To do: Your output should match the listing below word for word, without any images.

Extracted data:

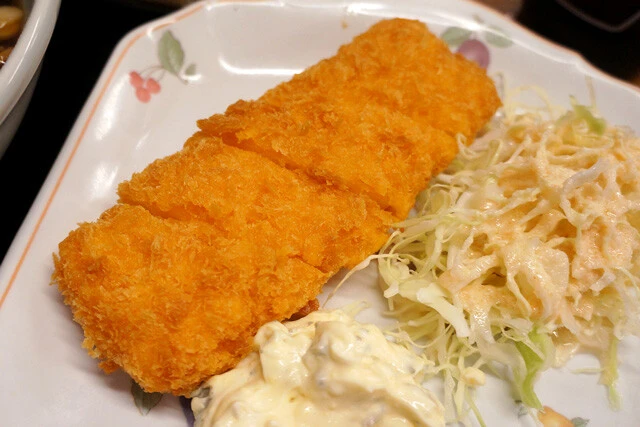 【エビステーキカツ】もう二度と会えないかもしれない。所沢の定食屋の日替わりメニュー「エビステーキカツセット」に感動:パリッコ『今週のハマりメシ』第158回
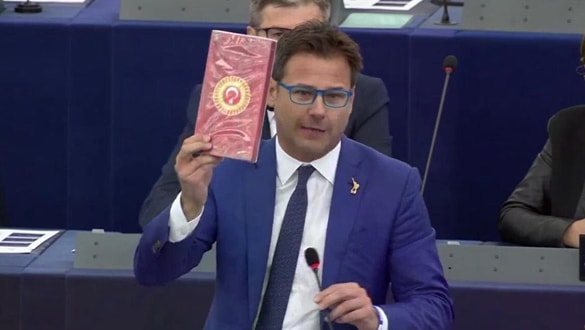 Итальянский депутат в ПАСЕ демонстративно швыряет коробку турецкую шоколада на пол: видео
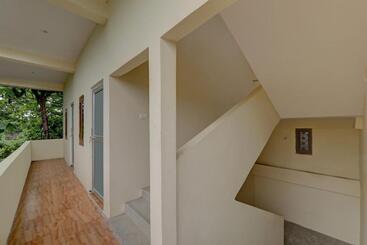 هتل Oyo Flagship Prachi Guest House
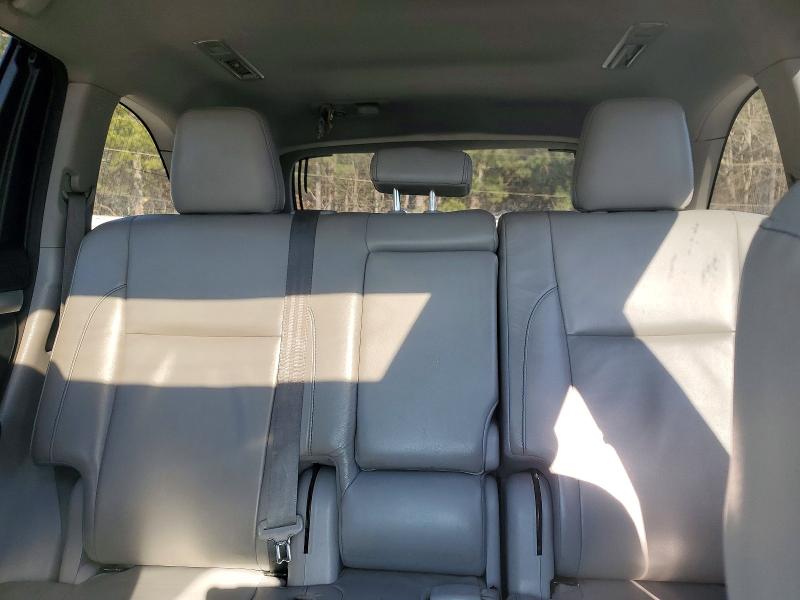 Photo 10 from auction – 2018 TOYOTA HIGHLANDER with VIN 5TDKZRFH5JS289021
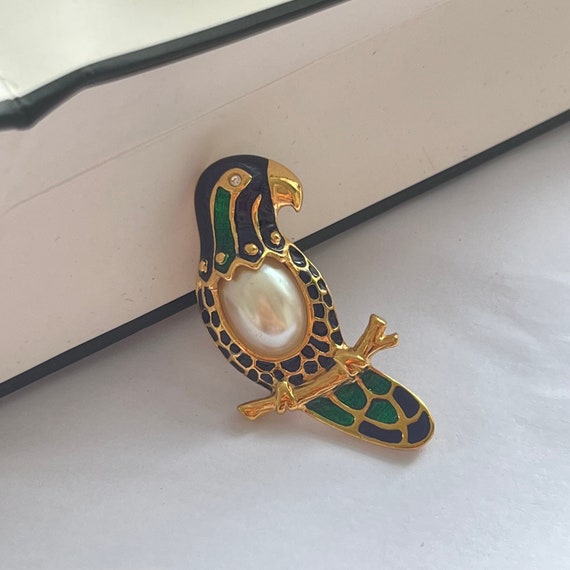 Broche Vintage Perroquet Couleur Or Avec émail, Cristaux Et Cabochon Vert – Occasion, Référence 566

Solution to this exercise:
 【エビステーキカツ】もう二度と会えないかもしれない。所沢の定食屋の日替わりメニュー「エビステーキカツセット」に感動:パリッコ『今週のハマりメシ』第158回
 Итальянский депутат в ПАСЕ демонстративно швыряет коробку турецкую шоколада на пол: видео
 هتل Oyo Flagship Prachi Guest House
 Photo 10 from auction – 2018 TOYOTA HIGHLANDER with VIN 5TDKZRFH5JS289021
 Broche Vintage Perroquet Couleur Or Avec émail, Cristaux Et Cabochon Vert – Occasion, Référence 566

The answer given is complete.